5. Thought, “Thought, ‘We are never ever getting back together.’”
6. Googled. Learned the “identity” of “Adrien Brody.” Thought, “Oh my god.”
7. Mentally compared, despite near-complete ignorance, the initial critical response to Hemingway to that of Calloway.
8. Worried more about what people think of Calloway. Tentatively decided that “literature is doing what painting did,” but in reverse: moving from heightened/imaginative to “as ‘realistic’ as possible.”
9. Thought, “This is a genie that will not go back in the bottle.”
10. Wondered whether I was mentally composing tweets or a Thought Catalog essay.
11. Got on the train to work. Getting out of the L at Union Square, I immediately smelled blood. People were gawking at a hurt woman. She was sitting on the ground crosslegged with her head down, a few feet from a pool of blood. A couple of people were beginning to help her. The smell of blood was so strong and iron-y; thought, “My nose evolved for this.” Wondered whether her injury would make news blogs; felt conflicted about that thought.
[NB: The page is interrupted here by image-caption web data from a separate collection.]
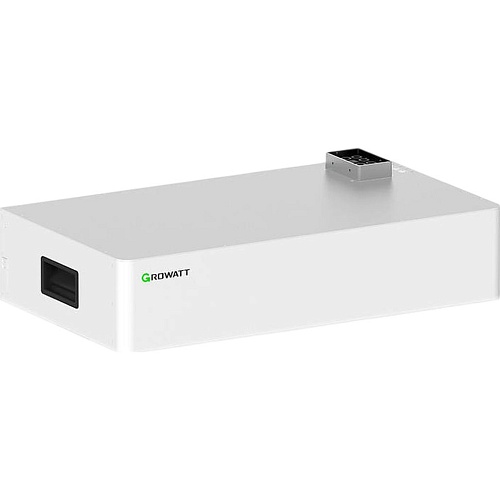 Аккумулятор Growatt AXE 5.0L-C1 LiFePO4 48V (51.2V/100Ah/5120Wh) (GR-BT-5KWH)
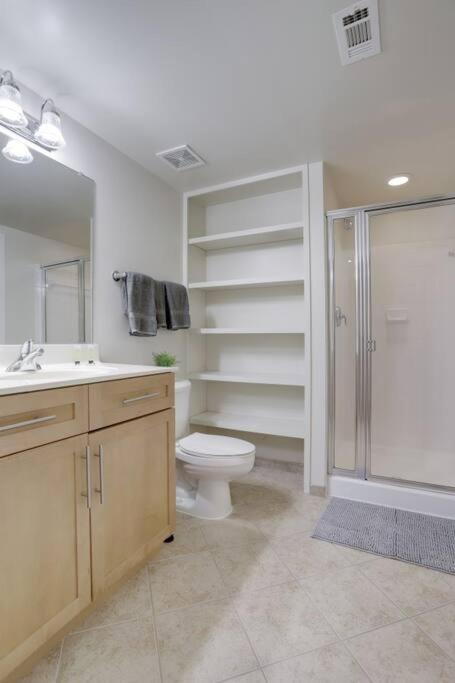 Prime Location Retreat Close To Dc And Metro Arlington Eksteriør bilde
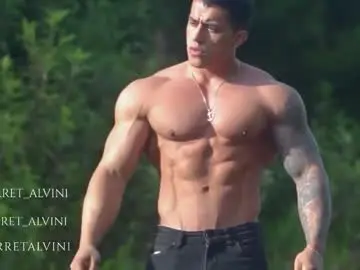 Chaturbate Sex Cam of garret_alvin_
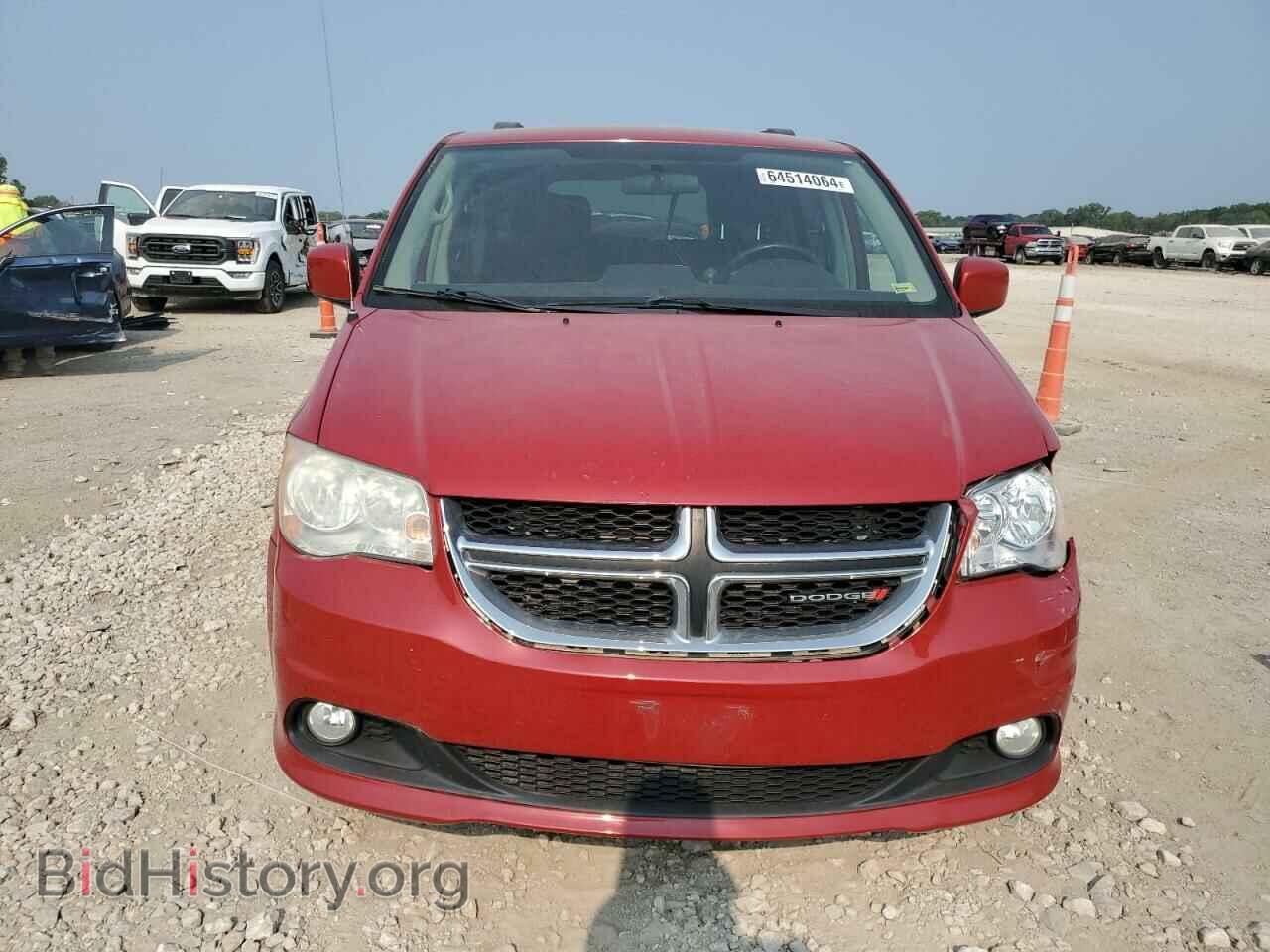 2012 DODGE CARAVAN - VIN: 2C4RDGDG2CR247123 - Фото 5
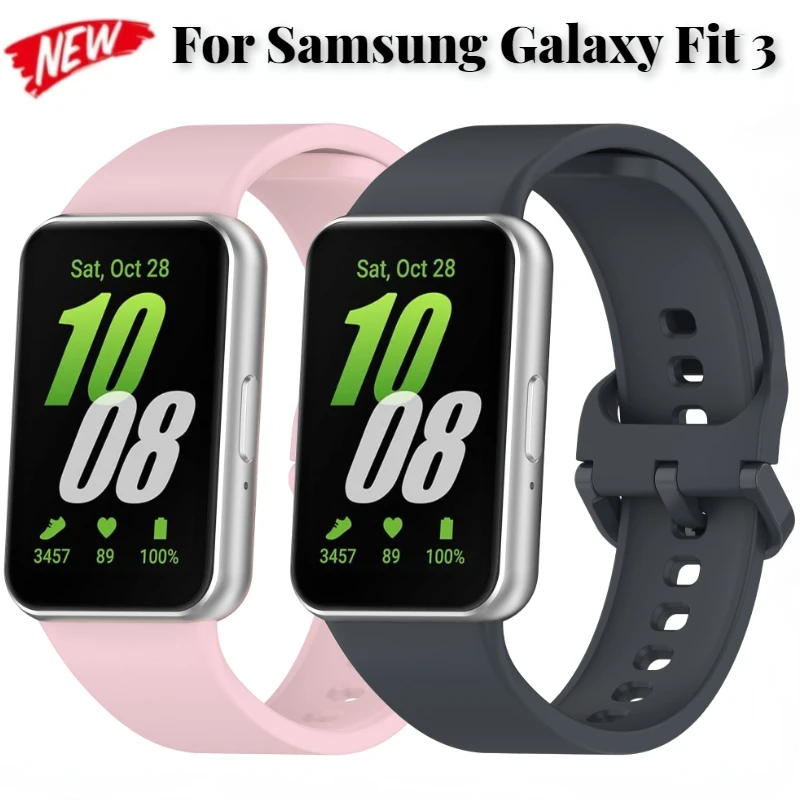 Silicone Strap For …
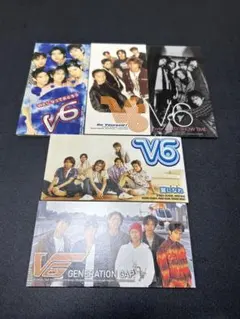 2025年最新】V6シングルセットの人気アイテム - メルカリ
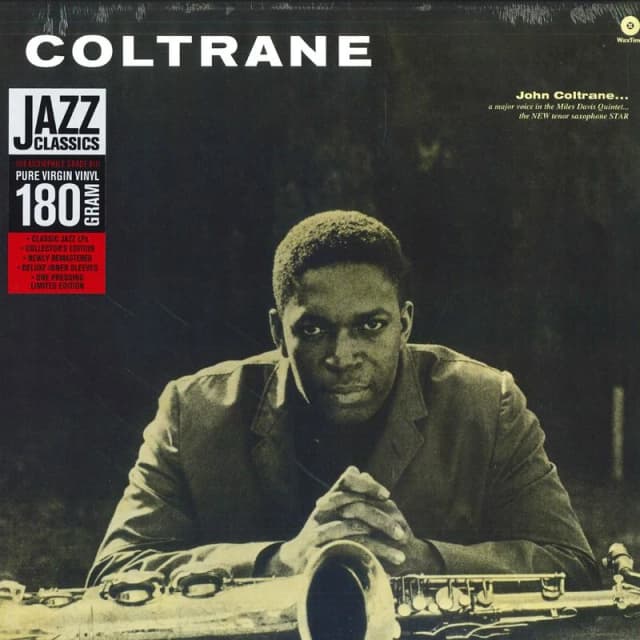 John Coltrane Coltrane (Vinyl)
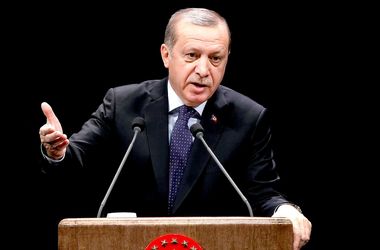 Эрдоган раскрыл истинные цели вторжения в Сирию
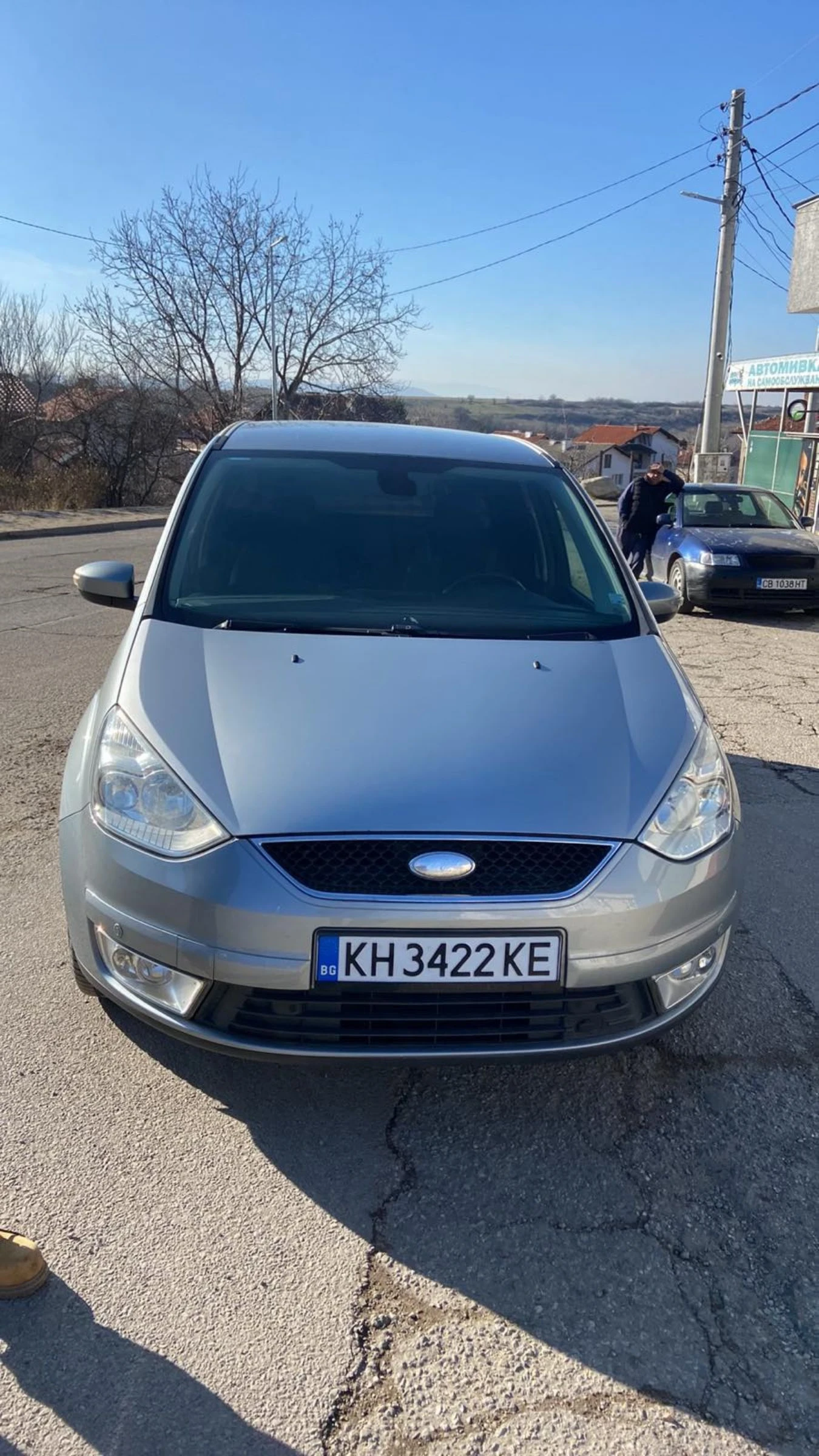 Ford Galaxy 2.0 6+ 1 - изображение 5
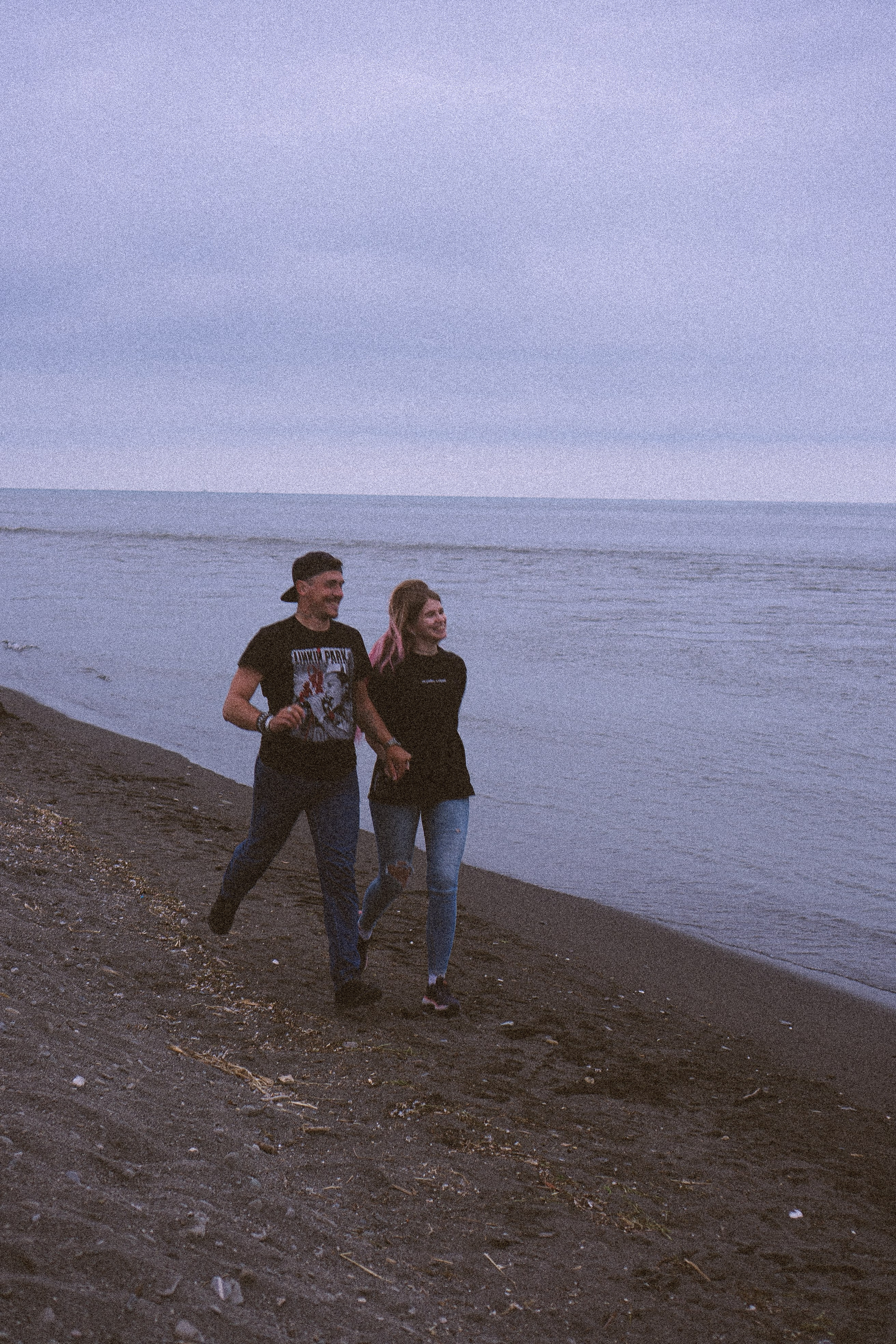 НА БЕРЕГУ МОРЯ. Профессиональный фотограф, Санкт-Петербург — Виктория Богомолова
12. Saw a friendcquaintance on the train. Felt incredulous that so many unusual things were happening on a morning that my “mental camera” had been turned on by Calloway. Told the acquaintance about the blood and we talked about subway danger. Told her about a bet I lost last weekend about how many people are killed by sharks. She got off the train and I realized I had talked for ~85% of the interaction. Decided that Calloway had helped me realize the importance of the feelings/experiences “outside the edges” of what is usually depicted in art.
13. Thought about my friend at the New School who made me realize how ridiculous men sound when they call an album or book “important.” (It seems to always be men.)
14. I feel strongly that Marie Calloway is important.